- Exercise directions
Would you please copy all of the data exactly, skipping the images?

- Data excerpt
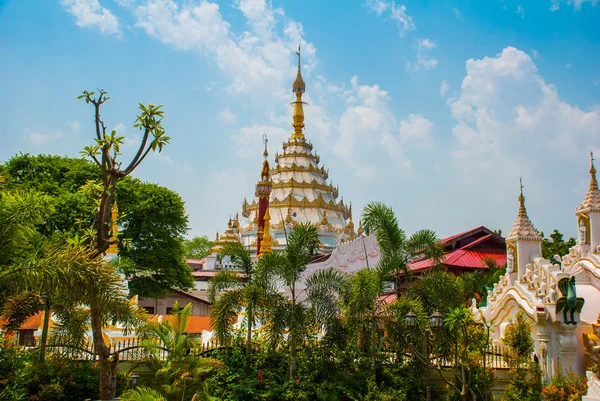 Kyauk Taw Gyee pagode, Mandalay, Mianmar — Fotografia de Stock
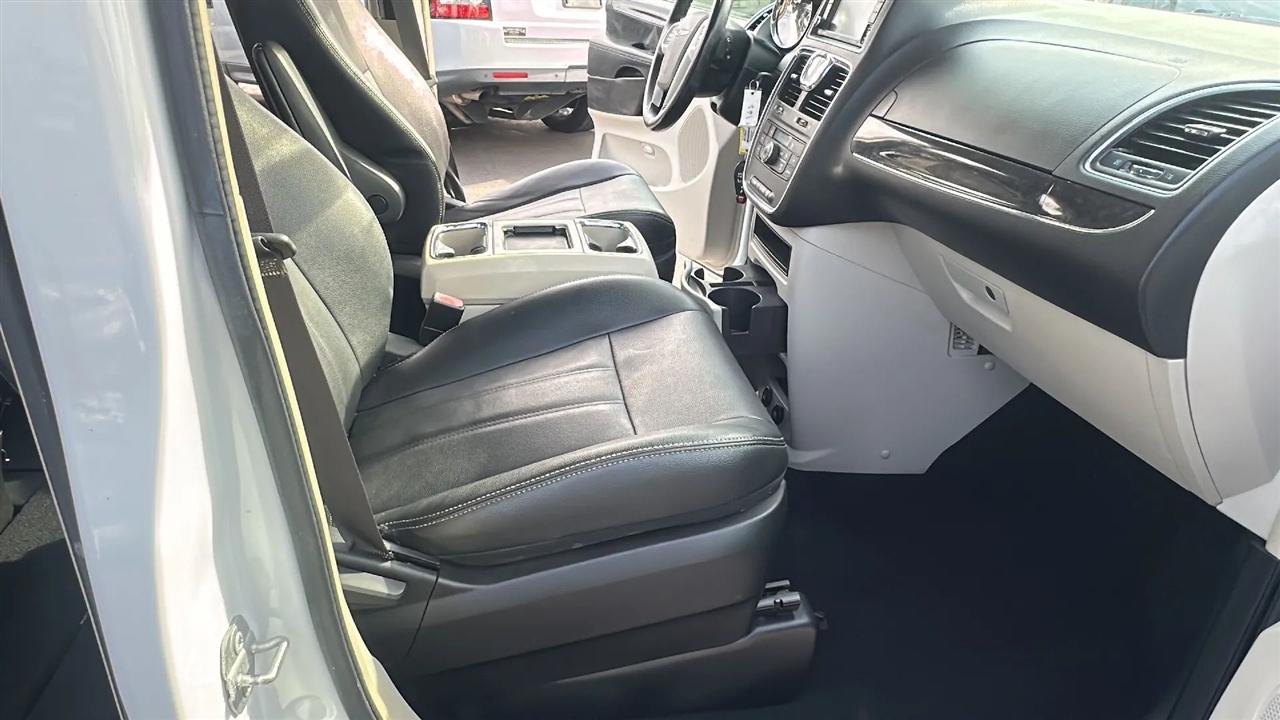 Chrysler Town & Country  2016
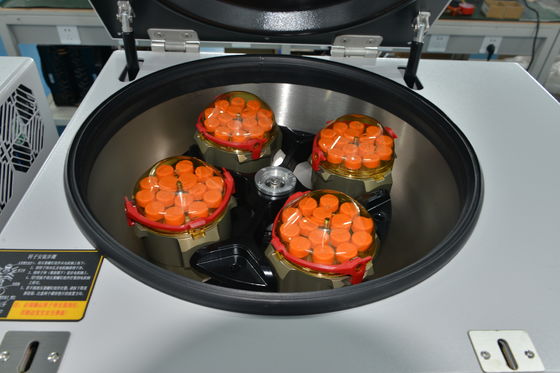 Centrífuga de bancada refrigerada para sangue CHT210R com velocidade máxima de 21000 rpm, RCF máximo de 32752xg e capacidade de 4x750ml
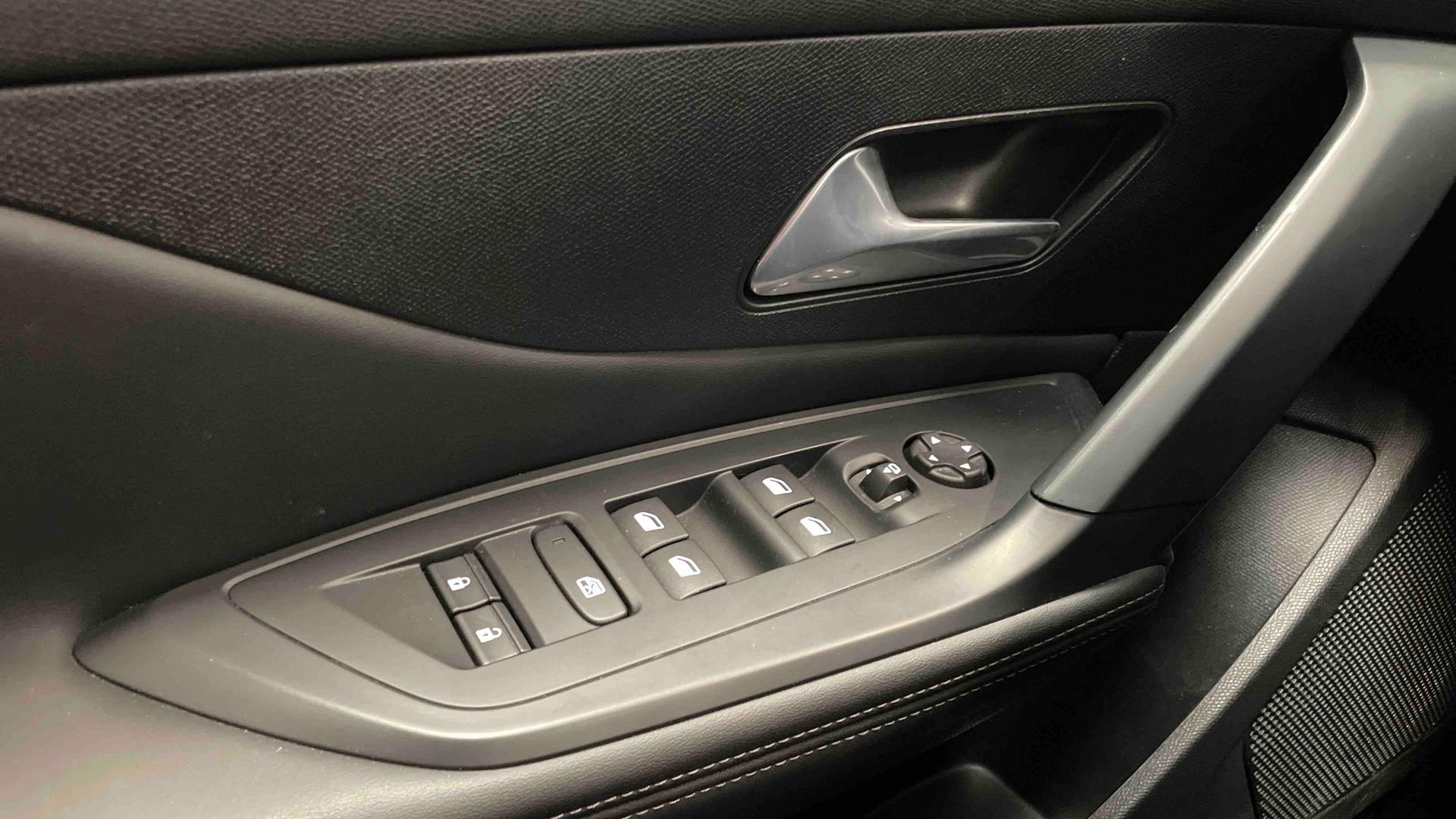 PEUGEOT 408 Allure Hybrid 145 ch e-DCS6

- Solution to this problem
 Kyauk Taw Gyee pagode, Mandalay, Mianmar — Fotografia de Stock
 Chrysler Town & Country  2016
 Centrífuga de bancada refrigerada para sangue CHT210R com velocidade máxima de 21000 rpm, RCF máximo de 32752xg e capacidade de 4x750ml
 PEUGEOT 408 Allure Hybrid 145 ch e-DCS6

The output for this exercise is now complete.